A Bit of Musical Theory
Here is what I have observed about this tune.
Musically, what sounds “right” to a society changes over time. During the European Renaissance, the musical sound was shifting away from modes (scales that sound odd to modern ears) and towards the major-minor system (what Western listeners are most used to today). “Greensleeves” uses both systems and therefore shows that transition as it was happening. This is true of all the minor versions of the melody; they constantly switch back and forth from one system to the other at regular intervals, rather like a kid on a swing.
(The earliest version was printed in minor and since major just sounds wrong to me, I won’t examine that version.)

Aeolian / Natural Minor
This version starts out in the older Aeolian mode but uses the more recent melodic minor scale for the cadences at the end of phrases.

minor scales in Greensleeves

The following sound bite demonstrates the Aeolian mode, the ascending melodic minor scale and a simple version of the melody.



Aeolian (same as natural minor) uses lowered 6th and 7th scale steps. This scale is used at the start of and in middle of phrases. The chorus actually starts on the lowered 7th scale step, a distinctly modal sound.
The ascending melodic minor scale raises both the 6th and 7th scale steps. This scale is used exclusively at the end of phrases.

Dorian Mode
Now, the Dorian version follows the same basic pattern - the tune starts in the older Dorian mode and switches to the more recent melodic minor for the ends of phrases.

alternating scale systems in Greensleeves

This sound clip demonstrates the Dorian mode, melodic minor and a short run through of a Dorian version of this song. (You may notice that this version starts and continues one whole note lower than the Aeolian version. This can create the impression that this version is darker or sadder when played right after the other one. It is an auditory illusion created purely by the contrasting starting notes.)



Dorian is almost the same as Aeolian (natural minor) but has a raised 6th.
Melodic minor is actually closer to Dorian than Aeolian in some ways.
(For a more complete explanation of the different modes see my earlier post Modern Modes.)

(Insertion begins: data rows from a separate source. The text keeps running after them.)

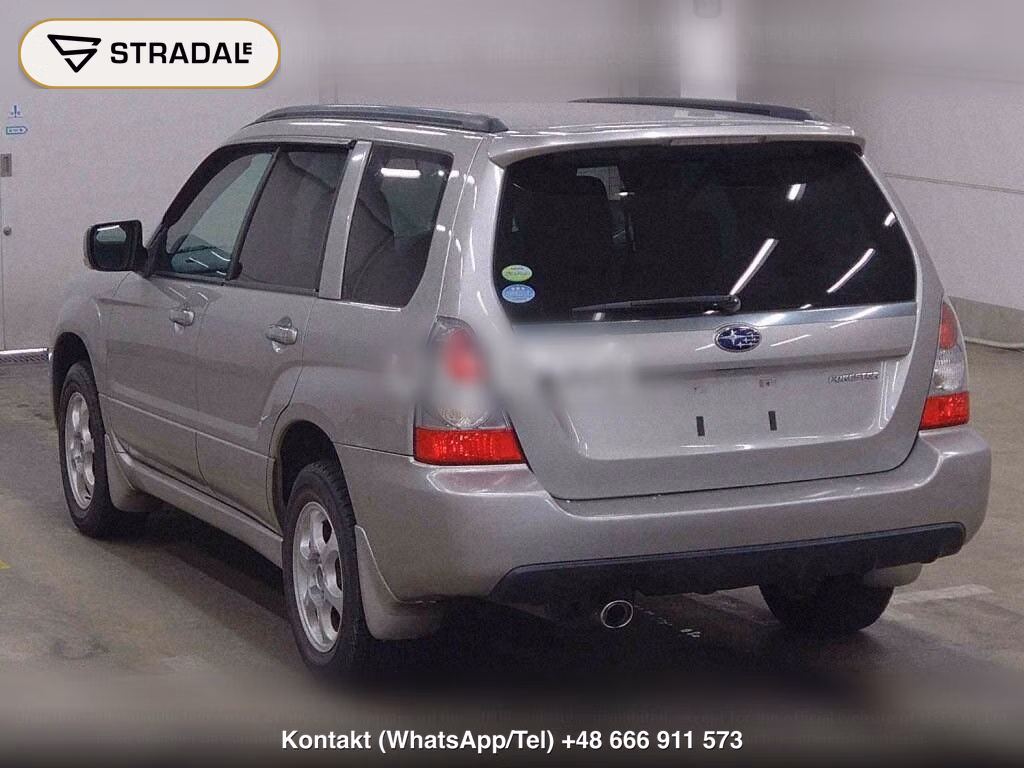 SUBARU FORESTER 4WD, miniaturka 3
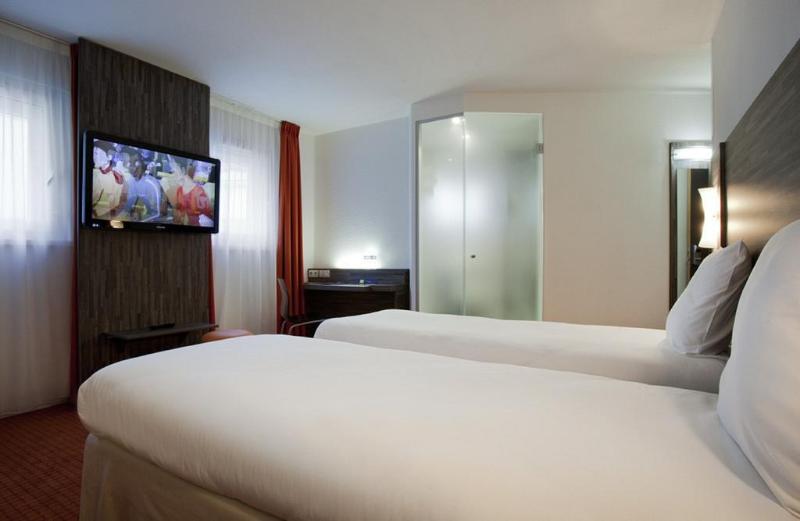 בית מלון כפרי Ibis Styles Rennes Centre Gare Nord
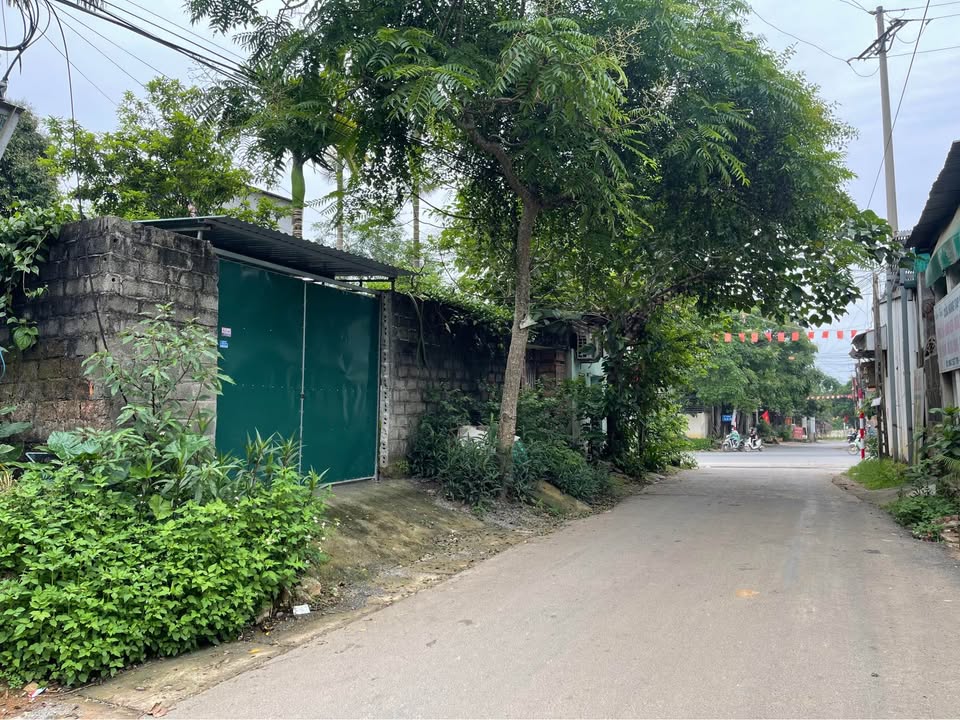 Đất nền Phường Hòa Bình, Việt Trì 150m² - Gần Quốc lộ 6, Sổ hồng chính chủ!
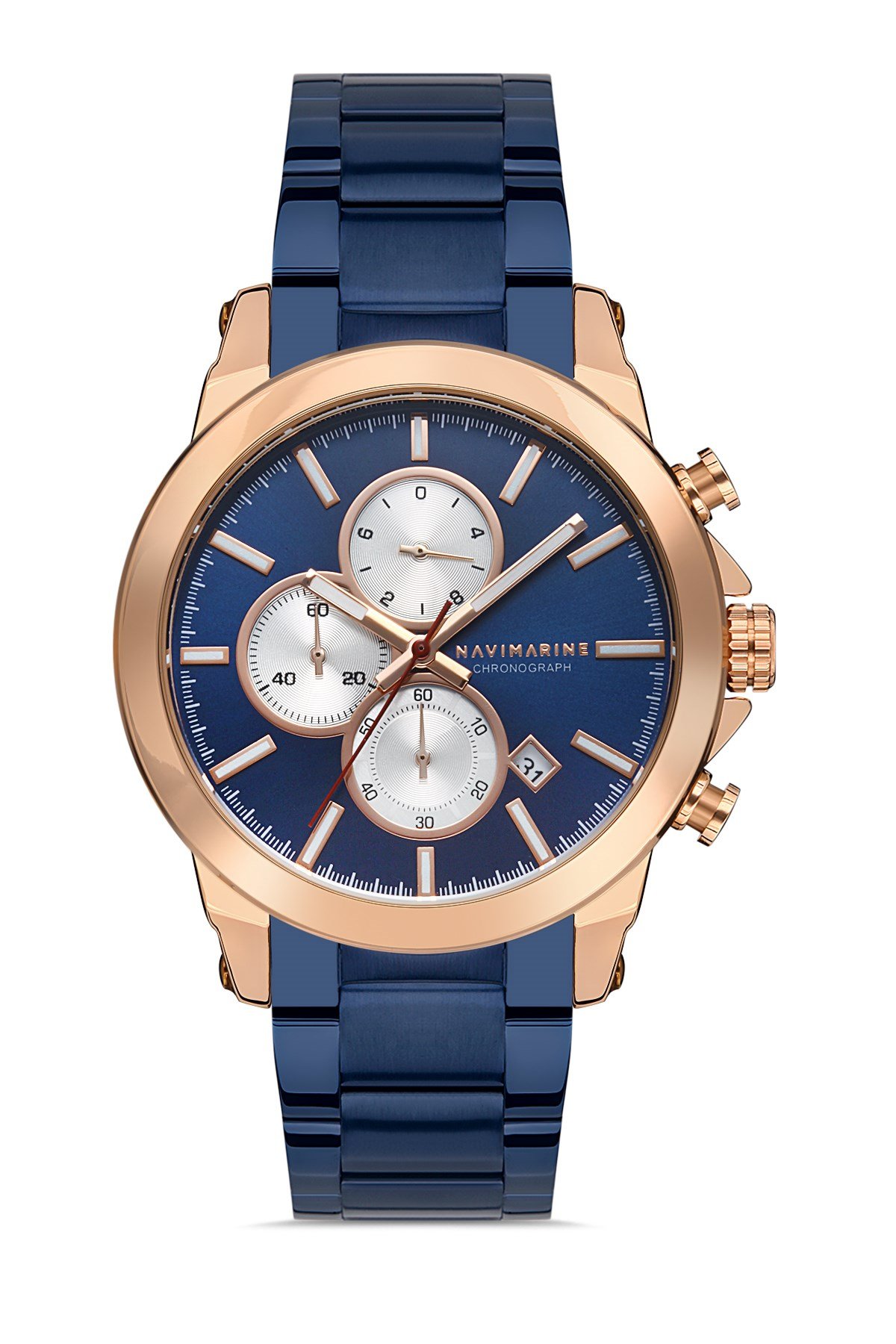 NavimarineNM099-06Navimarine NM099-06 Erkek Kol Saati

Perhaps one reason this 400 year old melody remains so popular is that it gives us a small sweet taste of the different variations in music when the collective musical ear was shifting between different scale patterns, creating variegated melodies and harmonies that shimmer and shift with each hearing.

August 12, 2014

Colorful Music

Some, but by no means all, dyslexics have trouble reading music since dyslexia messes with how symbols are processed in the brain. I am one of the dyslexics who finds music notation easier to read than written English (the fact that the notes stay at the same height makes a huge difference for me) but I see no reason why dyslexics who have trouble with music shouldn't get the same amount of help learning notation as I got with spelling. In an earlier post, I talked about techniques to help dyslexics read music. (Inside Out, Back to Front and Upside Down) I have since encountered a couple of new ideas and wanted to share them too. As I have said before, and will again, each dyslexic is different so any technique may or may not work for each specific dyslexic musician. I will also point out any flaws or potential difficulties each strategy may have. This helps make it much easier to AVOID those problems and make the techniques as effective as possible.

Multi-Colored Staff
A youtube video introduced me to this first one. A young dyslexic musician created a musical staff with a different color for each line to keep the musical notes from jumping around on the page. This person still had to spend hours writing notes on the staff to commit the written musical language to memory but getting the notes to hold still is an important, possibly critical, first step. Others have mentioned highlighting a line or two of the staff but I have never run into the idea of using different colors for all the lines before.
multi-colored staff music for dyslexics
dyslexic staff paper
Examples of multi-colored staff. Different colors and wider or narrower lines can be used.
Flaws
The order and choice of colors would be very important. As would how thick the lines are. You would have to spend quite a bit of time working that out for yourself. And then you still wouldn't be able to buy staff paper like this. You simply must create and print it yourself. Not impossible with most computers but still an extra step that must be considered.
Second issue; published music is not printed on this kind of staff. Which means if you want all your music laid out this way, you will have to transfer the music to your own staff paper. This will likely be a long and tedious process.
Now if you just use this colored staff to LEARN to read music and then use other techniques to read published music, that may well work. Certainly worth trying if you have trouble processing written music at all.
A friend with very mild dyslexia says the colors actually make the lines move more for him so clearly this won't work for everyone. But that doesn't mean you can't give it a try.

Highlight the Staff
This idea is inspired by the previous one. Use different colored highlighters (on a copy of the music, not the original!) to "fill in" the spaces of the staff. Again, others have suggested highlighting the top or bottom spaces but I have not heard of using multiple colors to mark out each space before.
Flaws
NEVER use highlighters on music you don't own. It can cost a fortune to replace damaged orchestral parts and yes, most directors would consider highlighting a form of damage. Copy the music and THEN highlight away.
Copying all your music can get pricey which is another down side to this idea (though not as pricey as replacement fees.) Sometimes, you can get the director or ensemble librarian to copy music for you if you explain your situation and ask nicely. But many music groups are suffering from lack of cash too so don't be surprised if they say no.
Again, this idea seems like it might not work for some dyslexics. For me at least, it increases the tendency for the lines to bend and merge because the colors "shrink" the space between the lines. But that doesn't mean it won't work for someone else.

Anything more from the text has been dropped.